Using the power of computational biology, Colossal is taking on an ambitious project to create a new bird by using the data from existing pigeon genomes to identify the necessary edits. Through this endeavor, they seek to usher in a new era of avian engineering.
Bringing extinct species back to life is possible through a process known as cloning, or more specifically, somatic cell nuclear transfer. This technique involves taking genetic material from an extinct species and transferring it into a living organism, allowing the species to be ‘resurrected’.
The process of cloning begins by capturing an egg cell at the perfect stage of development, extracting the egg before it can be fertilized, and then replacing its genetic material with that from a somatic cell. With the cell proteins in the egg, the new genome can function and divide into the necessary tissue types, creating an entirely new animal. It is truly a remarkable process!
Avian gene editing is not a simple process. According to Dr. Shapiro, a complex set of new technologies will be needed to make it a reality. This means that the genetic manipulation of birds may still be a ways off.
We face a unique challenge: accessing egg cells at a crucial stage of development. To overcome this obstacle, we must devise an alternative route to success.
Colossal is making a bold leap from chickens to Dodo by editing primordial germ cells (PGCs) of eggs. The PGCs are responsible for migrating around the developing embryo and eventually becoming either sperm or eggs. According to Shapiro, this process is essential to meet the ambitious goal of restoring the Dodo, a formerly extinct and beloved species.
Colossal plans to take the primordial germ cells (PGCs) and edit them in a culture dish. Once the PGCs have been edited, they will be re-injected into an embryo at the same developmental stage, where they will develop into either edited sperm or edited eggs depending on the sex of the organism. This groundbreaking technique has the potential to revolutionize the field of gene editing.
Dr. Shapiro is hopeful that the germ cells he has harvested will become the next generation. By harvesting these cells, he is taking an important step towards ensuring the future of the species. With this process, he is helping to ensure that the species will have a chance to keep going.
The gestation period of an egg is just a mere 30 days, compared to the 22 months for an elephant – and it’s highly likely that we will see a proxy for the dodo before we witness the first calves! Ben Lamm, co-founder and CEO of Colossal, is excited about the prospect of this futuristic feat.

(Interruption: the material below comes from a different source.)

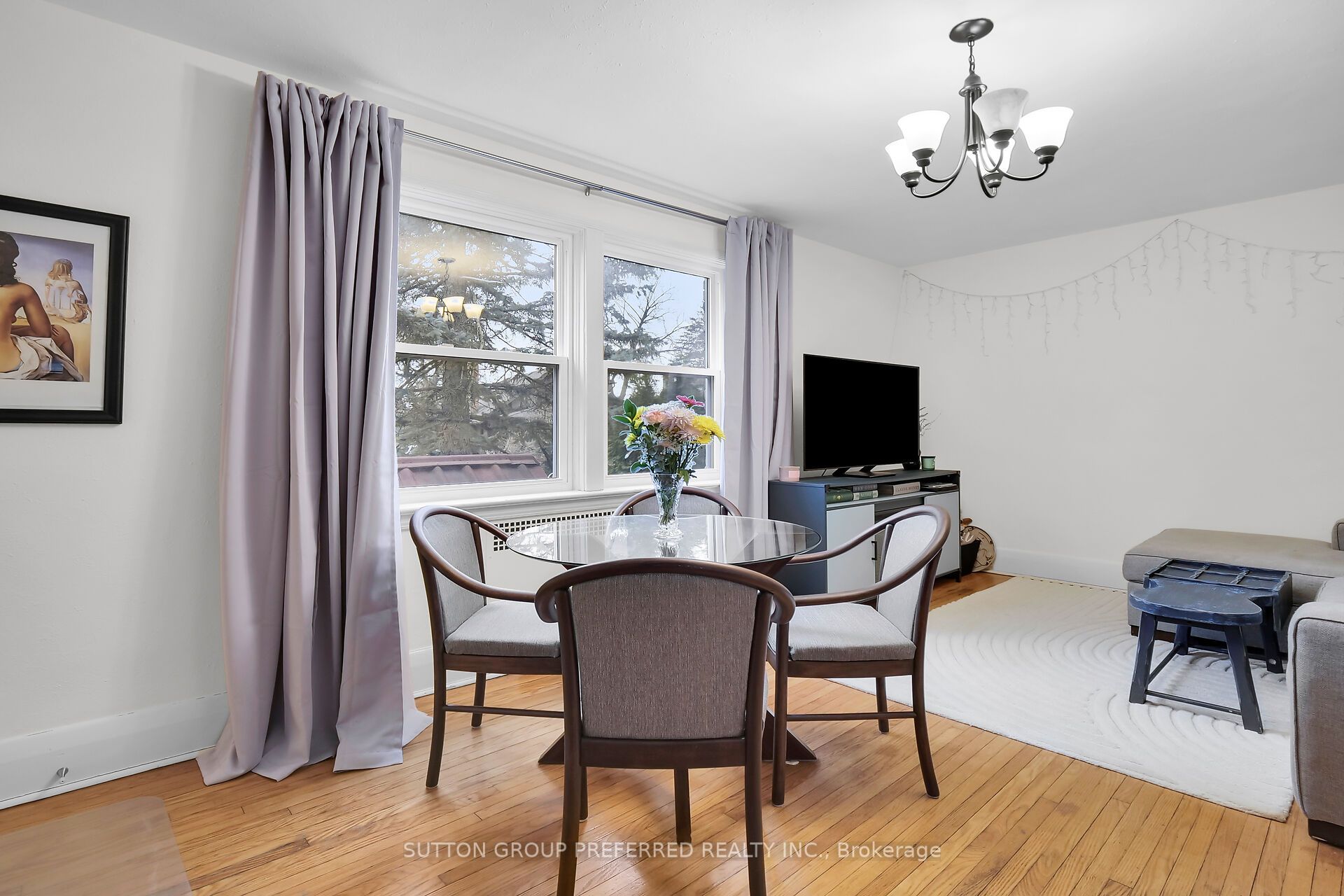 137 Windsor Crescent Property Photo 8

Tuesday brought a hefty financial boost for Colossal, but that wasn’t the only victory: they also made massive strides in the pursuit of resurrecting the extinct wooly mammoth and Tasmanian Tiger.
Colossal’s research teams have made remarkable progress in the fields of multiplex editing and large DNA cargo delivery, an advancement that is sure to further gene-editing research. All three initiatives are set to push the boundaries of what is possible, offering groundbreaking opportunities for the scientific and medical communities.
Unpacking the mystery of Primordial Germ Cells (PGCs) and applying multiplex editing to avians could open up a world of potential for gene editing in other species. By gaining a deeper understanding of PGCs, scientists could potentially unlock new applications in other species that could have far-reaching implications.